Division of Neurology, Department of Internal Medicine, Jichi Medical University School of Medicine, Tochigi, Japan.
Department of Neurology, Tokyo Metropolitan Neurological Hospital, Tokyo, Japan.
J Neurol Neurosurg Psychiatry. 2014 Sep;85(9):1024-8. doi: 10.1136/jnnp-2013-306981. Epub 2014 Feb 12.
Autosomal-recessive hereditary spastic paraplegias (AR-HSP) consist of a genetically diverse group of neurodegenerative diseases characterised by pyramidal tracts dysfunction. The causative genes for many types of AR-HSP remain elusive. We tried to identify the gene mutation for AR-HSP with cerebellar ataxia and neuropathy.
This study included two patients in a Japanese family with their parents who are first cousins. Neurological examination and gene analysis were conducted in the two patients and two normal family members. We undertook genome-wide linkage analysis employing single nucleotide polymorphism arrays using the two patients' DNAs and exome sequencing using one patient's sample.

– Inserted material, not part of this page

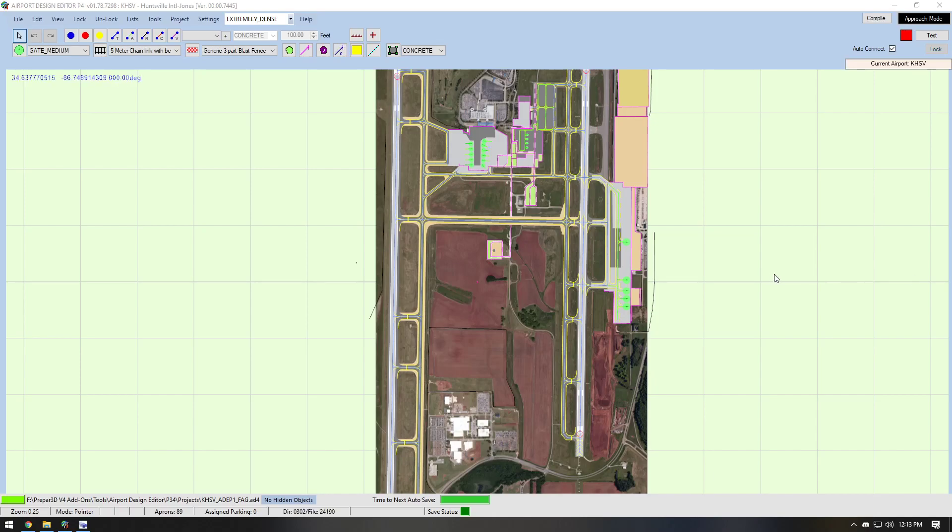Hey guys, I just wanted to make this quick video to explain how to add dynamic lighting to any airport that you'd like in Prepar3D version 4.5. That's at least what I've been using.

We detected a homozygous missense mutation (c.4189T>G, p.F1397V) in the lysosomal trafficking regulator (LYST) gene, which is described as the causative gene for Chédiak-Higashi syndrome (CHS). CHS is a rare autosomal-recessive syndrome characterised by hypopigmentation, severe immune deficiency, a bleeding tendency and progressive neurological dysfunction. This mutation was co-segregated with the disease in the family and was located at well-conserved amino acid. This LYST mutation was not found in 200 Japanese control DNAs. Microscopic observation of peripheral blood in the two patients disclosed large peroxidase-positive granules in both patients' granulocytes, although they had no symptoms of immune deficiency or bleeding tendency.
We diagnosed these patients as having adult CHS presenting spastic paraplegia with cerebellar ataxia and neuropathy. The clinical spectrum of CHS is broader than previously recognised. Adult CHS must be considered in the differential diagnosis of AR-HSP.
常染色体隐性遗传性痉挛性截瘫(AR-HSP)由一组遗传异质性的神经退行性疾病组成,其特征是锥体束功能障碍。许多类型的 AR-HSP 的致病基因仍未被发现。我们试图鉴定具有小脑共济失调和神经病的 AR-HSP 的基因突变。
本研究纳入了一个日本家庭的两名患者及其父母(他们是表亲)。对两名患者和两名正常家庭成员进行了神经学检查和基因分析。我们对两名患者的 DNA 进行了全基因组连锁分析,使用单核苷酸多态性微阵列,对一名患者的样本进行了外显子测序。
我们在溶酶体转运调节因子(LYST)基因中检测到一个纯合错义突变(c.4189T>G,p.F1397V),该基因被描述为 Chédiak-Higashi 综合征(CHS)的致病基因。CHS 是一种罕见的常染色体隐性遗传综合征,其特征为色素减退、严重免疫缺陷、出血倾向和进行性神经功能障碍。该突变与家族中的疾病共分离,且位于高度保守的氨基酸位置。该 LYST 突变未在 200 例日本对照 DNA 中发现。对两名患者的外周血进行显微镜观察发现,两名患者的粒细胞中均存在大量过氧化物酶阳性颗粒,尽管他们没有免疫缺陷或出血倾向的症状。
我们诊断这两名患者为具有小脑共济失调和神经病的痉挛性截瘫的成人 CHS。CHS 的临床谱比以前认识到的更广泛。在 AR-HSP 的鉴别诊断中必须考虑到成人 CHS。